City’s drinking water passes Kansas exam
The good news is: Toganoxie's well water passes the state's guidelines for drinking safety.
So does the water from Bonner Springs.
According to Tonganoxie's 1999 drinking water quality report, the nitrate levels in the city's water supply tested at 0.32 parts per million. State guidelines for maximum contamination level (MCL) say 10 parts per million would be too much.
Lloyd Wisdom, water plant operator, said other tests showed extremely low levels of barium, copper, fluoride, lead and selenium.
"Everything is below the MCL," Wisdom said. "Actually, it's way below."
Part of the reason for the good report card is that much of Tonganoxie's water comes from local wells.
"We use about 200,000 gallons of well water a day year round," Wisdom said.
To supplement the supply, the city also purchases water from Bonner Springs, treated water from the Kansas River.
"We're running about 50,000 to 60,000 gallons of Bonner water a day, or about a third of our usage," Wisdom said.
Meanwhile, the city's cost of treating well water remains low, Wisdom said.
"During the first three-month period of 1999, it cost $1,700 to treat 27 million gallons of well water," Wisdom said.
The water purchased from Bonner Springs is treated before it is piped from Bonner Springs.
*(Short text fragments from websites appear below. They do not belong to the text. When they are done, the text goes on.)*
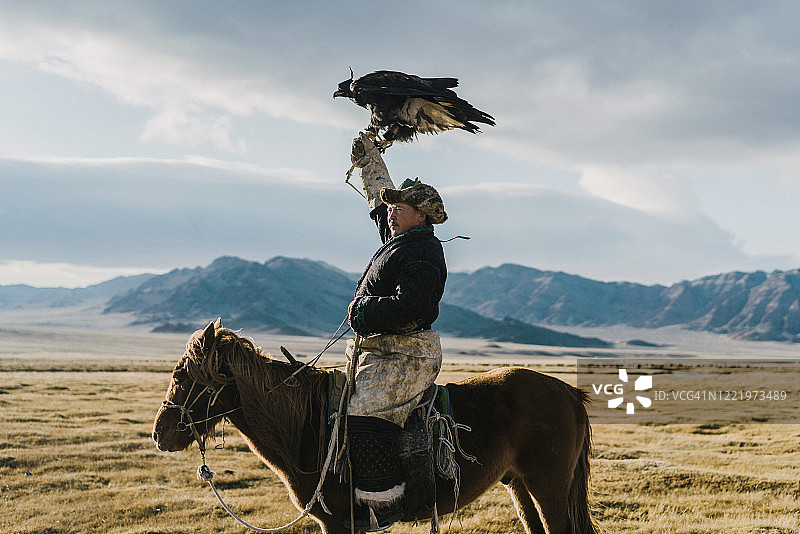 蒙古河流附近的猎鹰人图片素材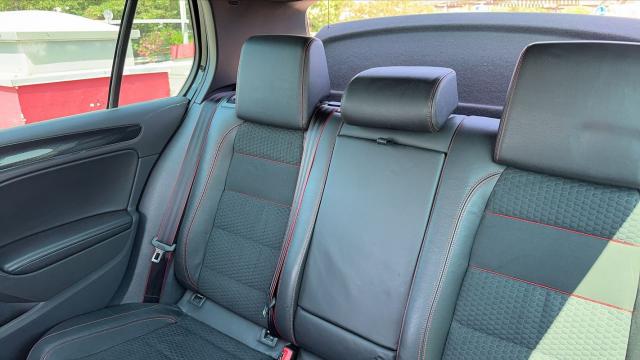 Volkswagen Golf image 7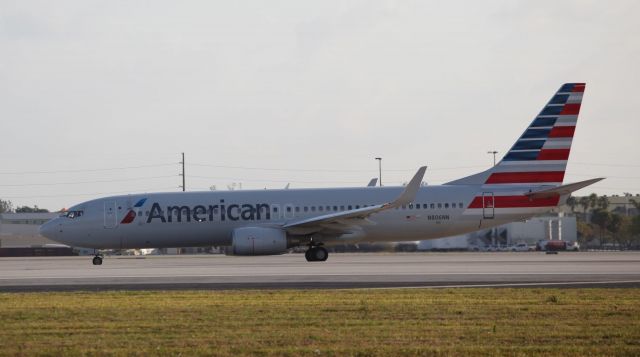 Boeing 737-800 (N806NN) - Taxing for take off on the 2th of May, 2018 at 7:47.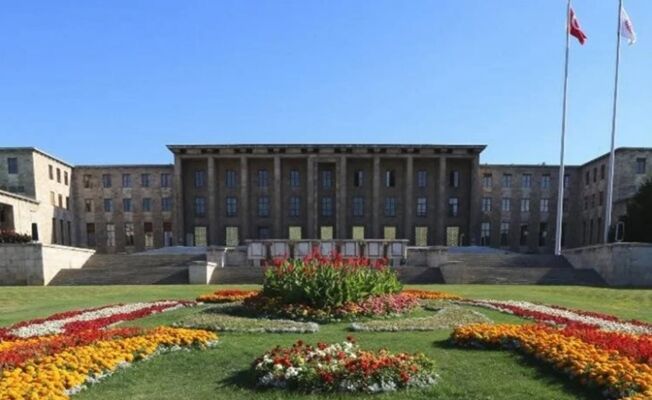 TBMM'de yeni dönem yoğun gündemle başlıyor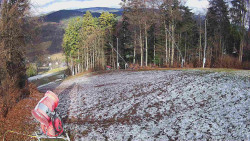 Prostřední část sjezdovky a snowpark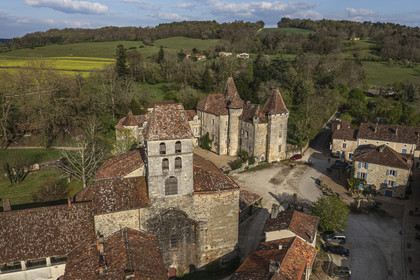 France, Dordogne (24), Périgord Vert, Saint-Jean-de-Côle, labellisé Les Plus Beaux Villages de France, le clocher de l'église Saint-Jean-Baptiste et le Chateau de la Marthonye ou Marthonie en arrière plan(vue aérienne)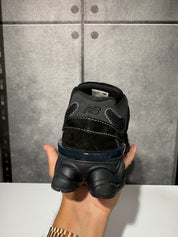 נעלי - New Balance 9060 - שחור תפר לבן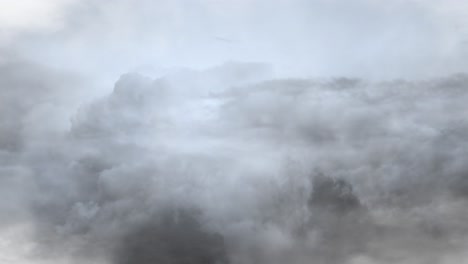 punto de vista nube blanca gris se está acercando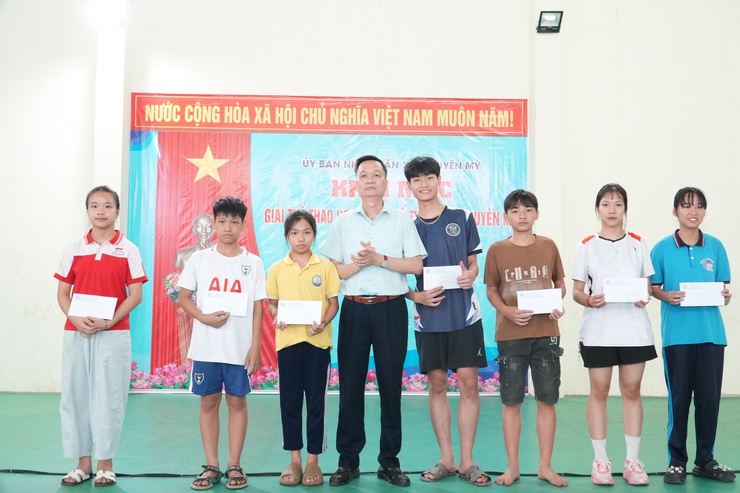 Sôi nổi giải thể thao học sinh phổ thông xã Chuyên Mỹ năm học 2025 - 2026- Ảnh 9.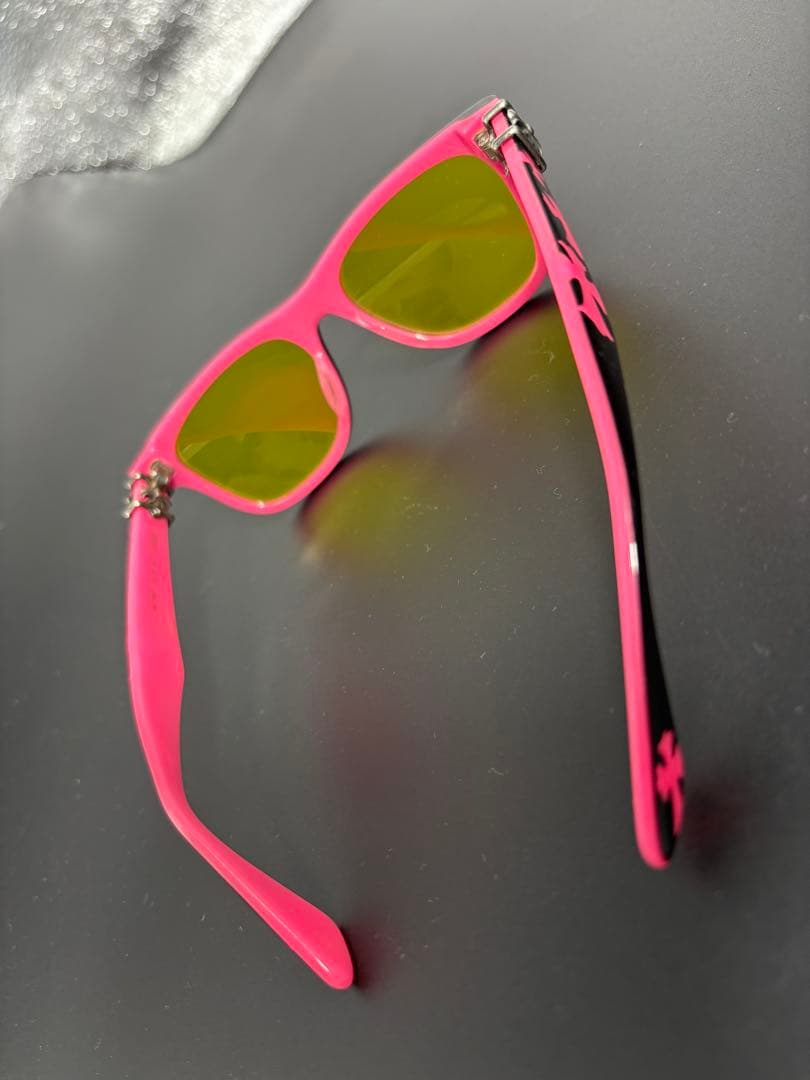 CHROME HEARTSアイウェア 劇渋 ブラック×ピンクのサングラス - メルカリ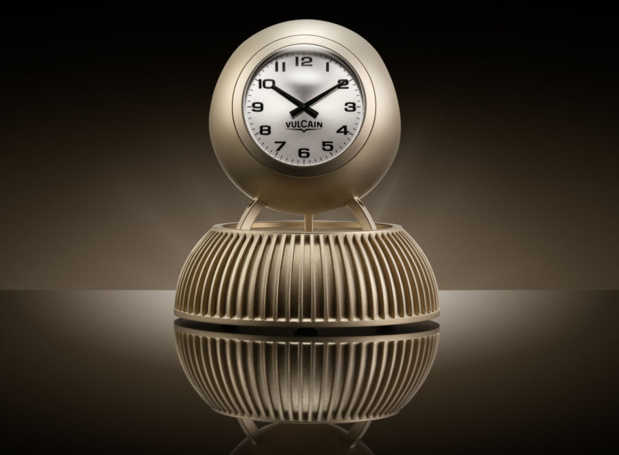 Vulcain réédite la fameuse horloge du terminal TWA de JFK en version "table clock" Vulcain réédite la fameuse horloge du terminal TWA de JFK en version "table clock"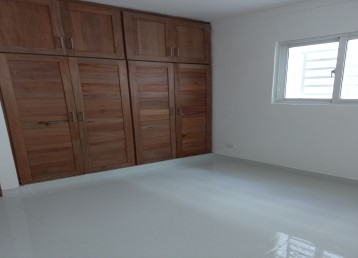 APARTAMENTO CON PATIO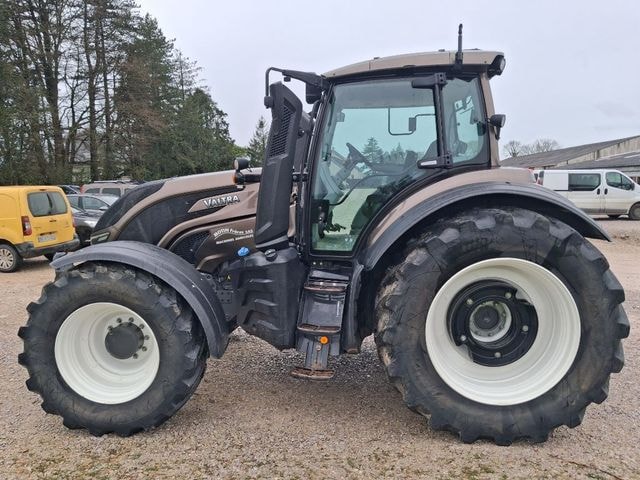 Tracteur VALTRA T174 - photo slide 9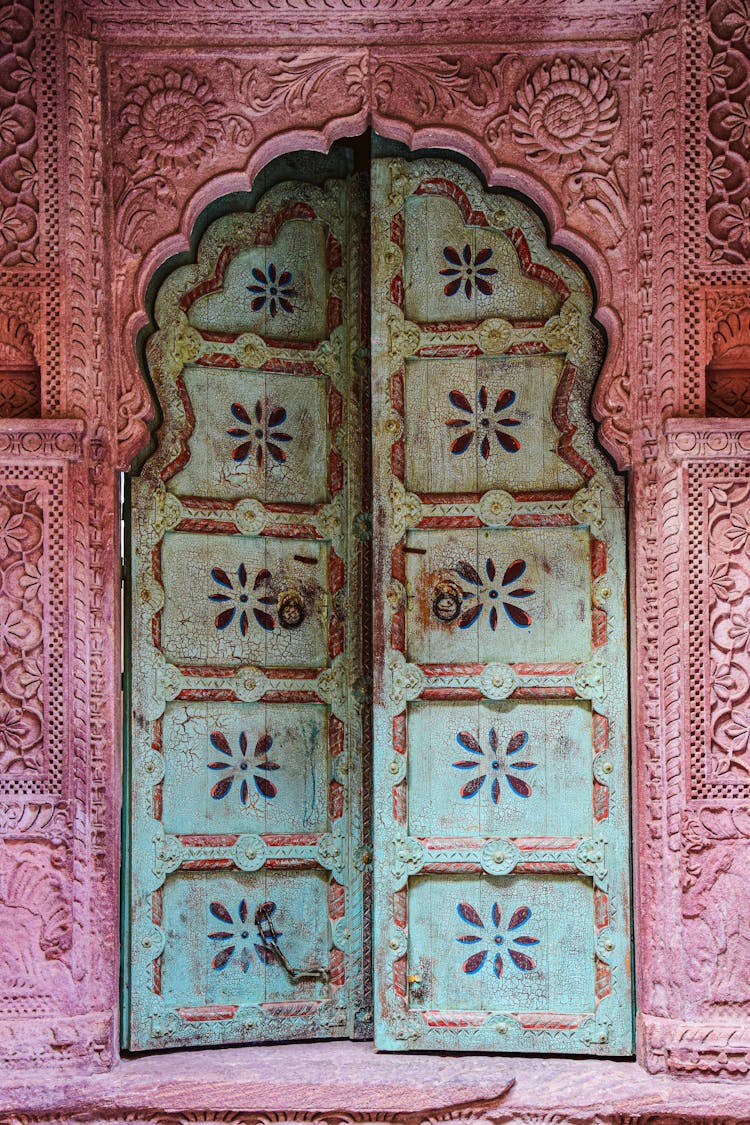 Vintage Doors In Building In India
The city pays $1.75 for every 1,000 gallons of water purchased from Bonner Springs.
Summer water requirements increase somewhat, Wisdom said. For instance, during June, the city averaged 234,000 gallons per day.
Once the water is ready for use, pumps send it to Tonganoxie's two water towers. The tower on Hubbel Hill holds 300,000 gallons and the tower on U.S. Highway 24-40 has a 350,000 capacity.